With a sad little smile she kissed Madame, closed the door, and turned the key in the lock. The old lady sighed as she went down with the tray, reflecting how impossible it is really to aid another, unless the barrier of silence be removed.

At four, she had her tea alone. No sound came from up-stairs, and Alden neither returned to luncheon nor sent word. When he came in, a little past six, he was tired and muddy, his face was strained and white, and, vouchsafing only the briefest answers to his mother's solicitude, went straight to his room.

Exactly upon the stroke of seven, both appeared, Alden in evening clothes as usual, and Edith in her black gown, above which her face was deathly white by contrast, in spite of the spangles. She wore no ornaments, not even the string of pearls about her bare throat.

"You look as though you were in mourning, my dear," said Madame. "Let me get you a red rose."

Things to Be Said

She started toward the veranda, but, with a little cry, Edith caught her and held her back. "No," she said, in a strange tone, "roses are—not for me!"

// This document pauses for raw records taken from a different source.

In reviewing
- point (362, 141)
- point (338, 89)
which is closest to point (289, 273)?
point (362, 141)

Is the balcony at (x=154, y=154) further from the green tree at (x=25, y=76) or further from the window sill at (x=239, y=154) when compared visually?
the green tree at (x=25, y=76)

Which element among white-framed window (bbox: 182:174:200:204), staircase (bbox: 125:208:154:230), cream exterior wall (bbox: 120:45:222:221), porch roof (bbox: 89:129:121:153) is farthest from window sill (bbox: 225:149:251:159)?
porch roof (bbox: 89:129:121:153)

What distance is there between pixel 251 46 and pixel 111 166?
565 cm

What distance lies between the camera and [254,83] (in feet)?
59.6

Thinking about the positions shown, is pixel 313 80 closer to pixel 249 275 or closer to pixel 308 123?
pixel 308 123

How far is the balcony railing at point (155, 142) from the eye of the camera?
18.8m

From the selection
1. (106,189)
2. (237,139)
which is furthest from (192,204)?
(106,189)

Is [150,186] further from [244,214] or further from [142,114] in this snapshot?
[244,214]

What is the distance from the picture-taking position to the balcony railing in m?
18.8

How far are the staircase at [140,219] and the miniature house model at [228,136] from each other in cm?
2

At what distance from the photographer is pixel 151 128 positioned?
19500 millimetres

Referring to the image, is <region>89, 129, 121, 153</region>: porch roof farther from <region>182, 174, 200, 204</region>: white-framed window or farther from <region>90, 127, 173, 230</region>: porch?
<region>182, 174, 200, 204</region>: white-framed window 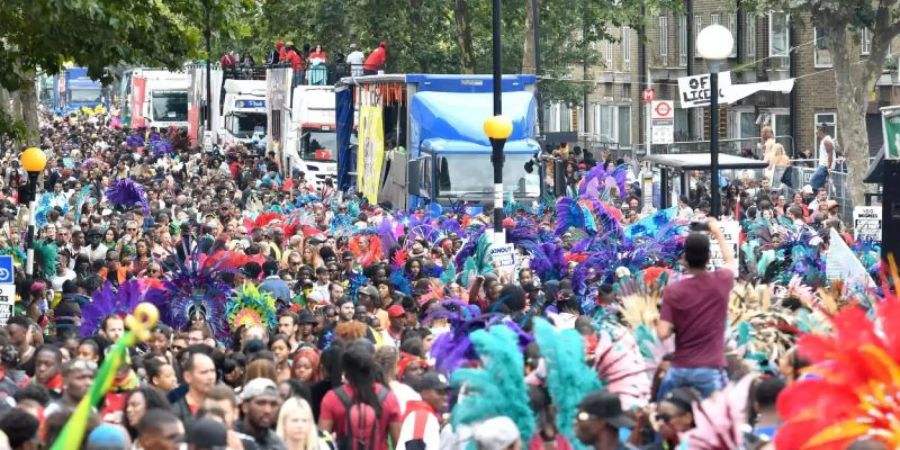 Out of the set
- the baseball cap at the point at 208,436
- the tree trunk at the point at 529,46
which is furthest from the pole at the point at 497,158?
the tree trunk at the point at 529,46

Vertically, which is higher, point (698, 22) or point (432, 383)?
point (698, 22)

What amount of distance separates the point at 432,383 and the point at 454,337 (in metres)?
0.82

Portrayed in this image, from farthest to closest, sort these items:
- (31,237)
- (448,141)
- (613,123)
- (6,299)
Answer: (613,123)
(448,141)
(31,237)
(6,299)

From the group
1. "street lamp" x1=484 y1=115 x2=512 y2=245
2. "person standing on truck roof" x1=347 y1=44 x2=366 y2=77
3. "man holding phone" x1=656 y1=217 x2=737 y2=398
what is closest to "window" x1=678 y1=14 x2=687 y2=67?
"person standing on truck roof" x1=347 y1=44 x2=366 y2=77

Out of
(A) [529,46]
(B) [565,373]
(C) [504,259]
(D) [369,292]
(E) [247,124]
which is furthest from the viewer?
(E) [247,124]

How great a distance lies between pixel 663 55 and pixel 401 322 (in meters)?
41.7

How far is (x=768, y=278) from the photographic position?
17.1 m

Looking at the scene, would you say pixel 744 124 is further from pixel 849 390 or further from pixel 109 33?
pixel 849 390

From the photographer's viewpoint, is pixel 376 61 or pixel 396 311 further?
pixel 376 61

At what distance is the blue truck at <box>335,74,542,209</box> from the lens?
29.2 meters

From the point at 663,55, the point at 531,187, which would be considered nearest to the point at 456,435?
the point at 531,187

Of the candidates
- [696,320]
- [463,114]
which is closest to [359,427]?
[696,320]

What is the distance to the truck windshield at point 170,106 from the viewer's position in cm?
7300

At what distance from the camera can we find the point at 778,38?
48938 millimetres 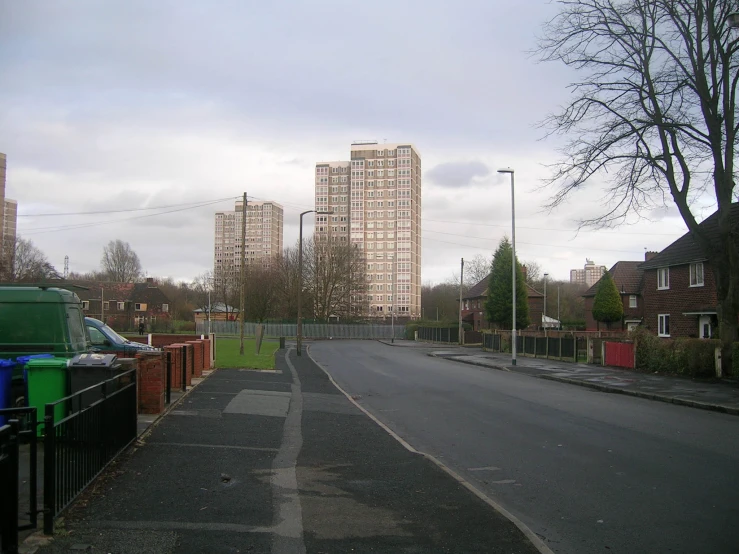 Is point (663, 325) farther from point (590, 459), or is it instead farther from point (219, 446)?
point (219, 446)

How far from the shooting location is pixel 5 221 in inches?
2468

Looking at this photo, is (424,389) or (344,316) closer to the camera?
(424,389)

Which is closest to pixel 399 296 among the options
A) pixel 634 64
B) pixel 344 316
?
pixel 344 316

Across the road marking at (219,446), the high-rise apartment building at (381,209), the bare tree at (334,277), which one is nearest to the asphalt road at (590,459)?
the road marking at (219,446)

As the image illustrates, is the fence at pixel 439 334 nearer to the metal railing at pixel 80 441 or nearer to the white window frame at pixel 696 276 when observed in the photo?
the white window frame at pixel 696 276

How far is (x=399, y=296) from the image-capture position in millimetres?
142125

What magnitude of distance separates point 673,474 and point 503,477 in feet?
7.15

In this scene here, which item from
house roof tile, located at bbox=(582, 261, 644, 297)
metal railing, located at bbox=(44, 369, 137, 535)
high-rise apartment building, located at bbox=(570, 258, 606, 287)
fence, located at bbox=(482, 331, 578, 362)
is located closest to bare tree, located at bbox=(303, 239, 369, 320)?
house roof tile, located at bbox=(582, 261, 644, 297)

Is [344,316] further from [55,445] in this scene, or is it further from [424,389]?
[55,445]

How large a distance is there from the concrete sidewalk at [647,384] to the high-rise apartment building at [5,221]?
115ft

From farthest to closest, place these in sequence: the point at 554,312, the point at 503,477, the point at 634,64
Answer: the point at 554,312 < the point at 634,64 < the point at 503,477

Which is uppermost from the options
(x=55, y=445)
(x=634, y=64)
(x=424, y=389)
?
(x=634, y=64)

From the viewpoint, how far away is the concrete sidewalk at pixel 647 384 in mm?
16578

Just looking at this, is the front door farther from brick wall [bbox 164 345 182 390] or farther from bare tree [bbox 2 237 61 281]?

The dinner-gong chimed in with the answer, and the three went out together. Neither Alden nor Edith made more than a pretence of eating. Edith held her head high and avoided even his eyes, though more than once Madame saw the intensity of his appeal.

Afterward he took his paper, Madame her fancy work, and Edith, attempting to play solitaire, hopelessly fumbled her cards. Madame made a valiant effort to carry on a conversation alone, but at length the monologue wearied her, and she slipped quietly out of the room.

Edith turned, with a start, and hurriedly rose to follow her. Alden intercepted her. "No," he said, quietly. "There are things to be said between you and me."

"I thought," Edith murmured, as she sank into the chair he offered her, "that everything was said last night."